Thursday, April 10, 2014

California May Now Repeal Its 60-Day Waiting Period Mandate If CA Senate Bill 1034 Succeeds

Updated: On August 15th, California Repealed Its 60-Day Limit on Eligibility Waiting Periods and Now Conforms to PPACA's 90-Day Rule.  

Just in case you weren't fatigued by the never ending barrage of changes to President Obama's Health Law, California has proposed a significant change that will certainly make employers' heads spin (again).   Last year, California decided that the 90-day waiting period limit imposed by PPACA was too long and cut that period to 60 days via state law.  We reported on that change here.

Carriers (and therefore employers) have been scrambling to make sure that their waiting periods were either first of the month following 30 days or first of the month following one month to ensure they fall inside of 60 days.  Some carriers are allowing a waiting period of 60-days-on-the-dot, but who really wants to administer partial month premiums and contributions?  I've yet to come across that employer.

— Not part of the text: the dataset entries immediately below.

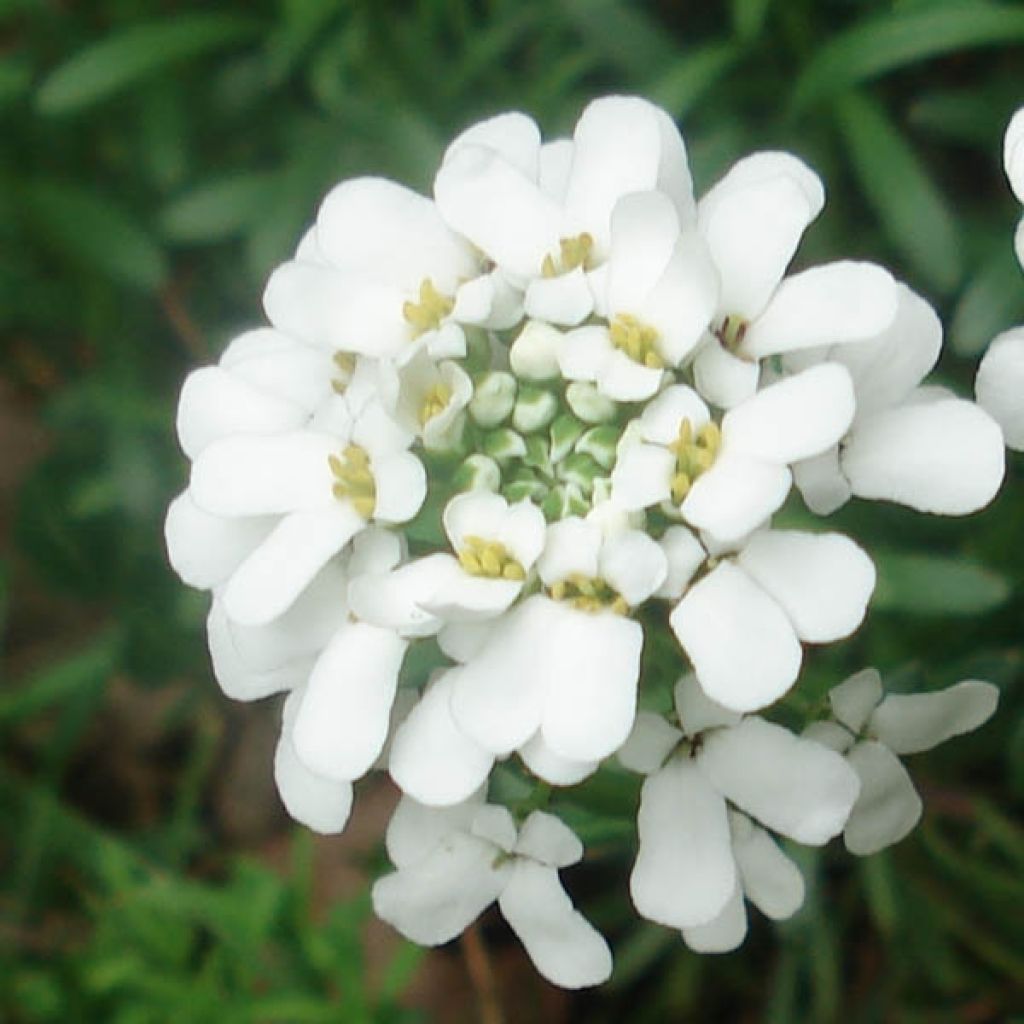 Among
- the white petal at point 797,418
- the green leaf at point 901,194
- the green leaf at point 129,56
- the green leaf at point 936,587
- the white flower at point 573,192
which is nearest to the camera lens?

And now this, from Christine P. Roberts of Mullen & Henzell L.L.P at her E is For ERISA Site:
California Senate Bill 1034 sponsored by Senator Bill Monning (D-Carmel) would repeal language in the Health & Safety and Insurance Code that currently limits waiting periods under small and large group HMO contracts and health insurance policies to a maximum of 60 days. The new bill, if enacted, would prohibit insurers and HMOs from imposing any waiting or affiliation period under group coverage in the small and large-group markets. 
This would allow California employers to follow the Affordable Care Act’s maximum 90-day limit on eligibility waiting periods, recently confirmed in final regulations issued by the Departments of Labor, Treasury and Health and Human Services (the “Departments”). In the preamble to the final regulations, the Departments make clear that state insurance laws may impose more stringent waiting period rules than the federal standard. ...
SB 1034 is on the radar screen of insurance and HMO regulators in the state for several weeks and, to date, no opposition to the bill has been raised. The California Department of Insurance may or may not register a position on the bill and any opposition raised by the California Department of Managed Health Care generally would not appear until further along in the legislative process....
We will continue to track this Bill and report back here on any progress that is made.

April 9, 2014 Update: This bill passed a Senate committee 8-0 with only 1 vote abstaining.  This bill will likely pass and remove these limitations this year.

May 1, 2014 Update: It passed the Senate 35-0 and have moved to the Assembly.